- Born: Paul Rose 1951 (age 74–75) Elm Park, Hornchurch, Essex, England
- Occupations: TV presenter; Public speaker; Antarctic base commander; Professional diver; Mountain and polar guide;

= Paul Rose (TV presenter) =

British explorer and TV presenter

Paul Rose (born 1951) is a British television presenter who mainly works for the BBC. He is an accomplished diver, mountaineer and explorer whose skills and interests led to his role as a documentary presenter.

== Career ==

=== Royal Geographical Society ===
Rose was vice-president of the Royal Geographical Society from 1999 to 2002 and made frequent expeditions to Antarctica, supporting scientists engaged in research, and for eight 6-month seasons was base commander of Rothera Research Station.

=== TV presenter ===
In 2006, Rose presented the five-part BBC Four documentary series Voyages of Discovery.

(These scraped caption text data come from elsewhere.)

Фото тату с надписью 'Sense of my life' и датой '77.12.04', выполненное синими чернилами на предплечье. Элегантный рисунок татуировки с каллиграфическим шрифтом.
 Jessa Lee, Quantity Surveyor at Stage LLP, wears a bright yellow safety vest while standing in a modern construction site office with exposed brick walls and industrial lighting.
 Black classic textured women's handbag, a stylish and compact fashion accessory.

In 2008 he co-presented the eight-part BBC Two documentary series Oceans.

In 2011 he co-presented the four-part BBC Two documentary series Britain's Secret Seas.

Since the mid 2010s, Paul Rose has been involved with a number of walking documentaries made as part of the BBC's commitment to regional programming. In 2016, his five-part programme Coastal Path series showed Rose on the 630 mile South West Coast Path, with the series originally broadcast as a regional BBC One show for people in the southwest and Channel Islands. Coastal Path would go on to be repeated nationally for viewers on BBC Two in the following years and would end up as a BBC Four programme, which, like much other content on the channel, has been repeated many times.

In 2017, Rose presented a two-part BBC One documentary on the Yorkshire Wolds Way, a walk of around 80 miles from the Humber to Filey, on the North Yorkshire coast. During the programme, Rose explored the wildlife and geographical features of the landscape he encountered. In the second part of the documentary he took a dramatic glider flight from the Wolds Gliding Club, Pocklington, over part of the Wolds Way.

In 2018, he presented the four-part BBC One series The Lakes with Paul Rose, about the English Lake District.